■ Work item:
Extract, exactly and without pictures, every line from the one that includes "Посуточно 1к Бучанский" through the final line of the material below.

Data block below:

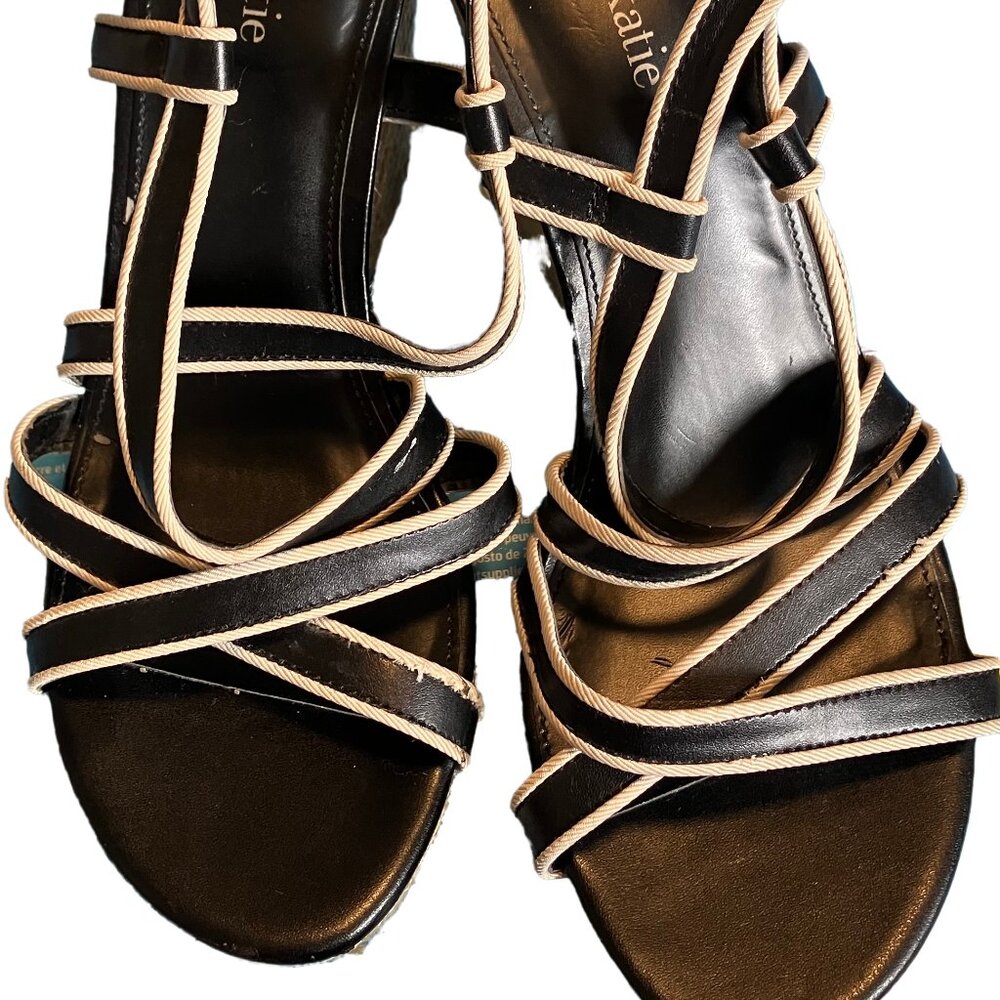 EUC Kelly & Katie Black & White Sandals Size: 8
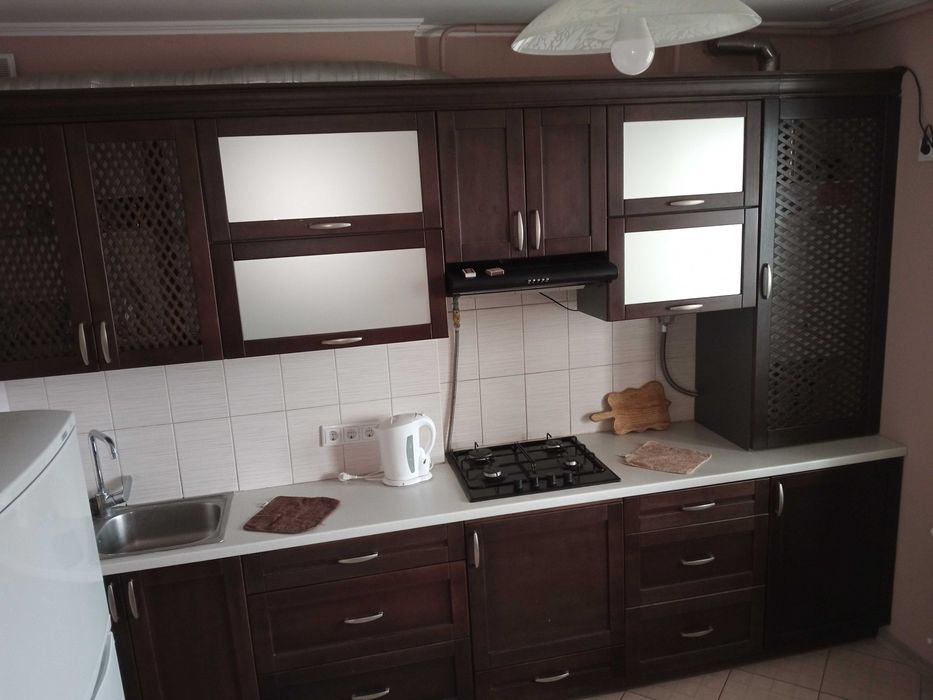 Посуточно 1к Бучанский парк рядом, для дружной семьи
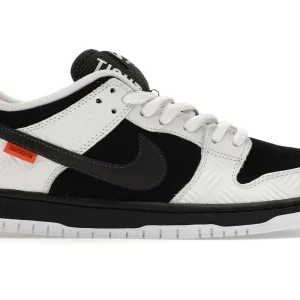 Nike SB Dunk Low TIGHTBOOTH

End of Data block.

■ Result of this task:
 Посуточно 1к Бучанский парк рядом, для дружной семьи
 Nike SB Dunk Low TIGHTBOOTH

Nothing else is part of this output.